Old South Church Installation Depicts Inhumanity of Slavery

A large banner now hanging outside Old South Church depicts people packed as cargo into a ship juxtaposed against those of the faces and families of those who might be descended from former slaves, or what these people might’ve looked like before they were enslaved.

The installation, called “Middle Passage Installation of Remembrance,” includes the banner measuring 17-by-5 feet, along with a smaller banner with a map showing the Triangular Trade Route over which captive people were transported and sold, as well as the following quote from UNESCO Director General Irina: “The slave trade is not merely a thing of the past — it has shaped the world we live in, it has molded the face of modern societies, creating indissoluble ties between peoples, irreversibly transforming economies, cultures and customs across the world. The slave trade concerns not only people of African descent but the whole of humanity.”

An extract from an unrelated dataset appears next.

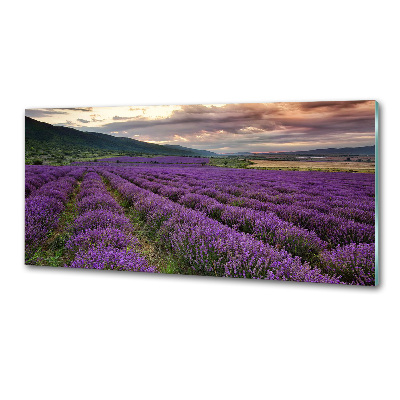Dekorační panel sklo Pole levandule
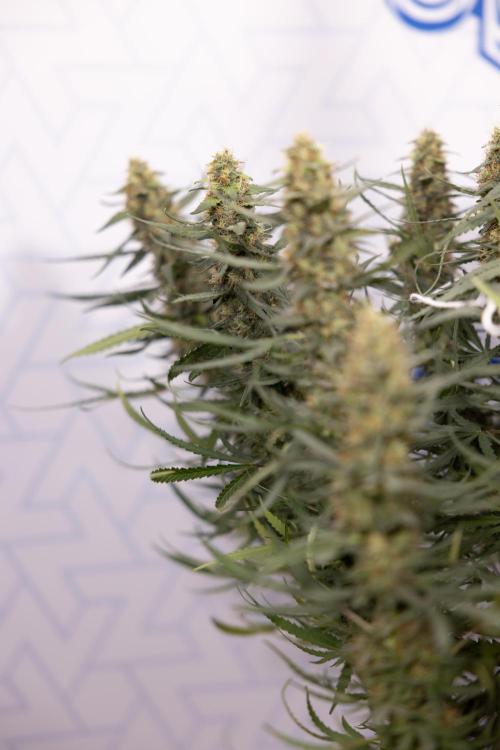 Chocolope 🍫 Auto - Zamnesia x B&B. Week 9 - Chocolope #1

Sound effects, including waves, wind, gulls calling, timber creaking, chains rattling, and humans humming, also accompany the installation between the hours of 8 a.m. and 4 p.m. daily.

 Meanwhile, the United Nations has designated Tuesday, Aug. 23, the International Day for the Remembrance of the Slave Trade and its Abolition, while Old South Church’s Installation of Remembrance coincides with the dedication of the Boston Middle Passage Port Marker on Long Wharf on Sunday, Aug. 22, at 2 p.m.

The Middle Passage Ceremonies and Port Marker Project (https://www.middlepassageproject.org/), which was established to honor the 2 million captive Africans who died during the transatlantic crossing known as the Middle Passage, as well as the 10 million who survived to build the Americas, intends to install a marker at every port where enslaved persons were forcibly brought to shore.

Rev. Nancy S. Taylor, Old South Church’s senior minister and chief executive officer, said, “During this national season of racial reckoning, it’s important that a 352-year-old organization acknowledges this important part of our past and our church’s past, our city’s past, and our nation’s past. We need to remind people this is part of who we are as a nation, and this exhibit provides an invitation to passersby and church members to reflect on this part of our nation’s story.”

The “Middle Passage Installation of Remembrance” is the work of G(RACE) Speaks, a standing committee established six years ago that, according to the church, promotes “sacred conversations about matters of race within the life of Old South Church.”

June R. Cooper, the church’s Theologian in the City, said, “The public installation tells a story – and not an African story – it’s an American story, and what we want people to understand is that these narratives that have been buried [are now helping to] from our understanding of American history and how legacy or aftershock of slavery continues to this day. As a Christian endeavor, this work speaks to our understanding of who God is as one who creates human beings and expects us all to love each other unconditionally.”

Gathered in 1669, Old South Church in Boston continues to research, name and account for a history that includes “radical abolitionists and the first anti-slavery tract on this soil (1700),” as well as “many early ministers and members who were enslavers, who benefited from the forced enslavement and unpaid work of countless persons of African descent, according to the church.

 Since 2015 the church has held an annual Sunday of remembrance in which the names of African members from the 1600s, 1700s and early 1800s are read aloud. The names of these members (few of whom were buried in marked graves) are also etched onto brass leaves on the church’s Memorial Tree.